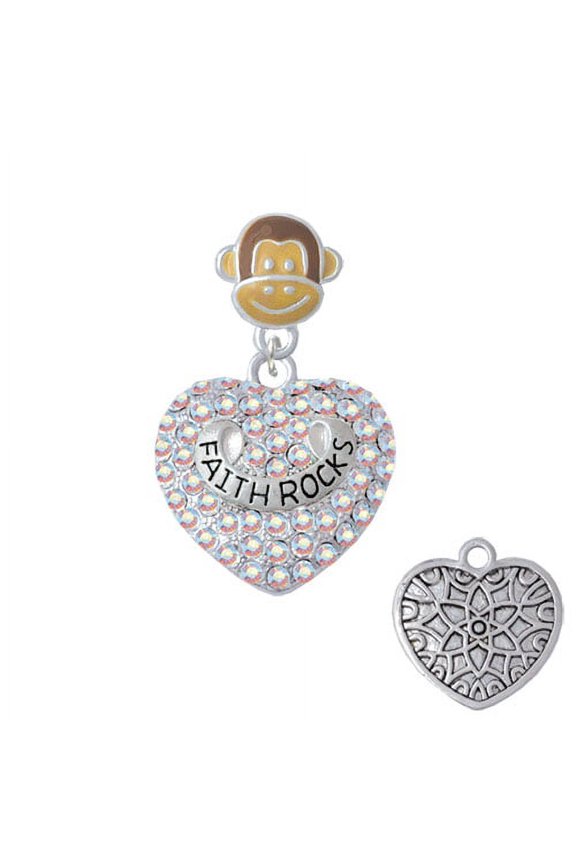 Faith Rocks on AB Crystal Heart - Monkey Face Charm Bead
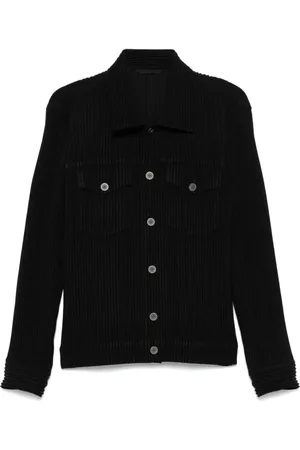 Issey Miyake Jakke, Herre, Sort, L, Polyester, Let Wool-lignende Blousonjakke
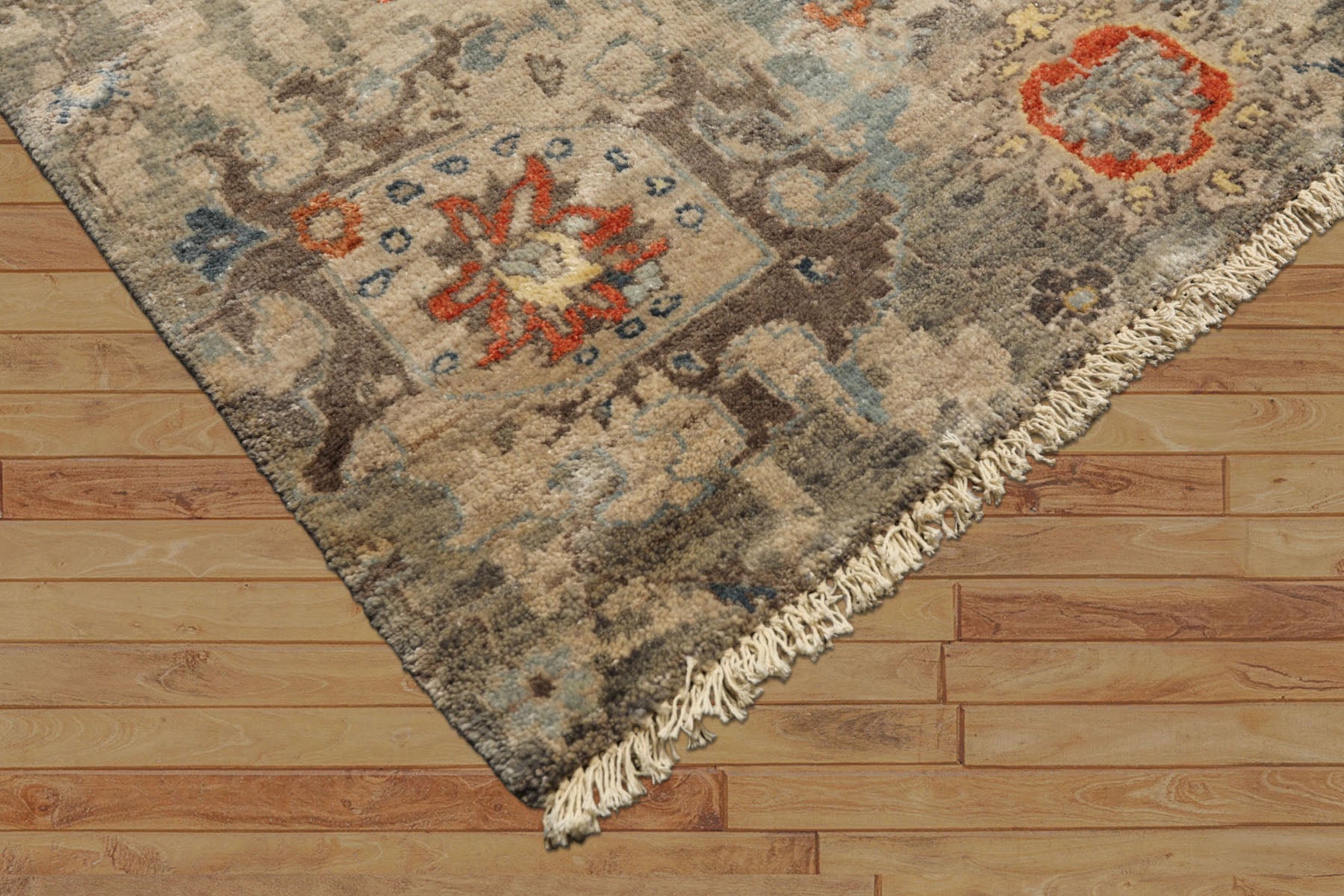 6x9 Celadon, Beige, Orange Color Hand Knotted Indo Oushak Wool Traditional Oriental Rug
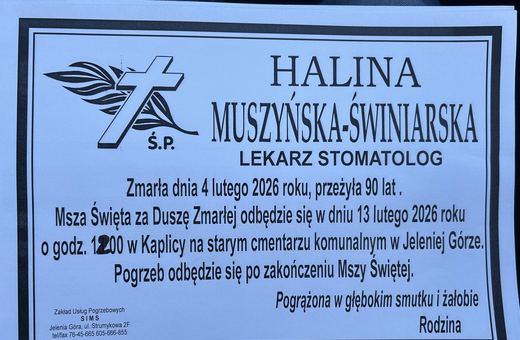 Zmarła Halina Muszyńska–Świniarska – lekarz stomatolog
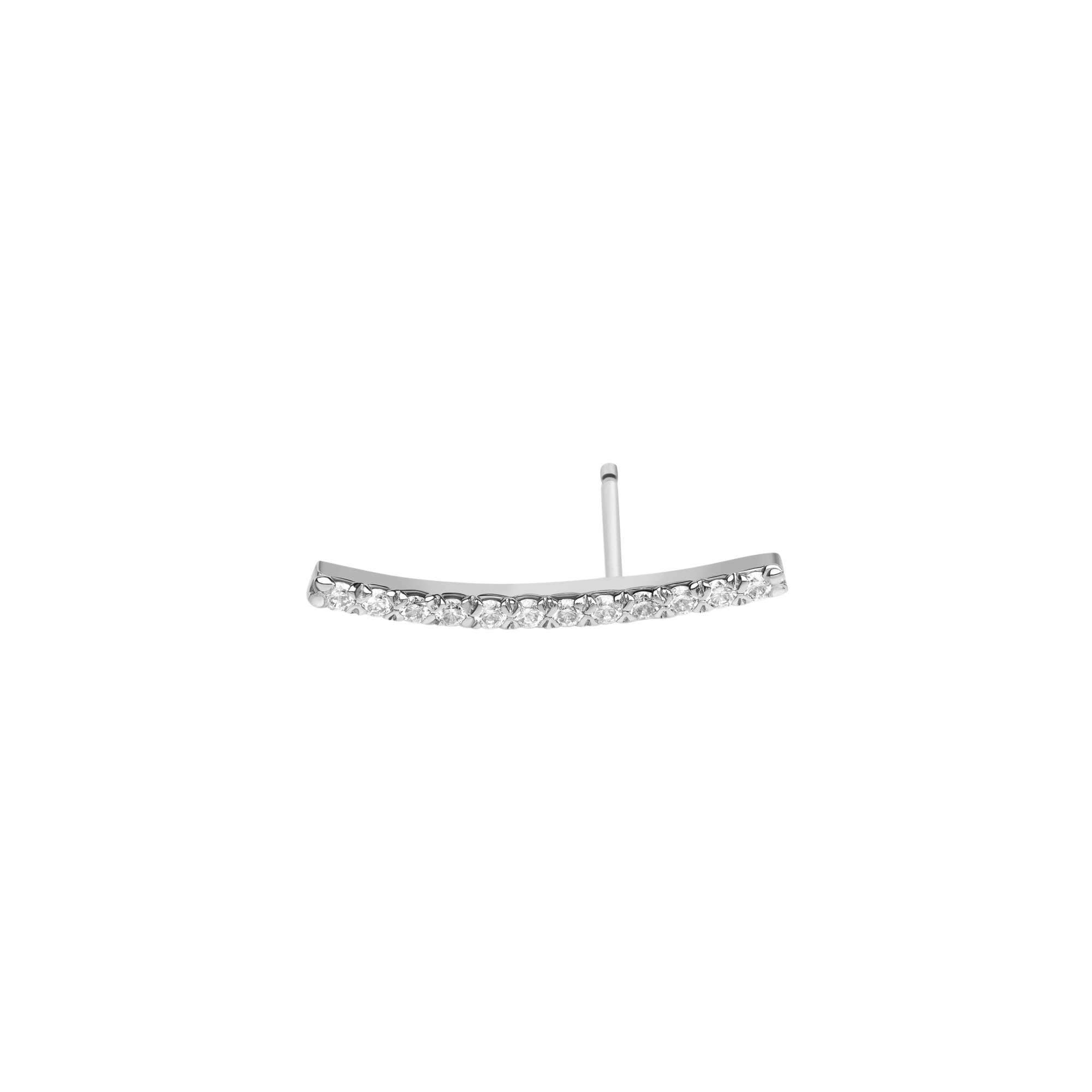 Diamond Path Earring Sterling Silver White Gold Vermeil 14k White Gold 18k White Gold White Diamonds Laid down   Pair | Single |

§ Work order
Could you copy exactly, and with no pictures, the lines above from the one containing "Issey Miyake Jakke, Herre, Sort, L, Polyester, Let" through the last line, both included?

§ Task output
 Issey Miyake Jakke, Herre, Sort, L, Polyester, Let Wool-lignende Blousonjakke
 6x9 Celadon, Beige, Orange Color Hand Knotted Indo Oushak Wool Traditional Oriental Rug
 Zmarła Halina Muszyńska–Świniarska – lekarz stomatolog
 Diamond Path Earring Sterling Silver White Gold Vermeil 14k White Gold 18k White Gold White Diamonds Laid down   Pair | Single |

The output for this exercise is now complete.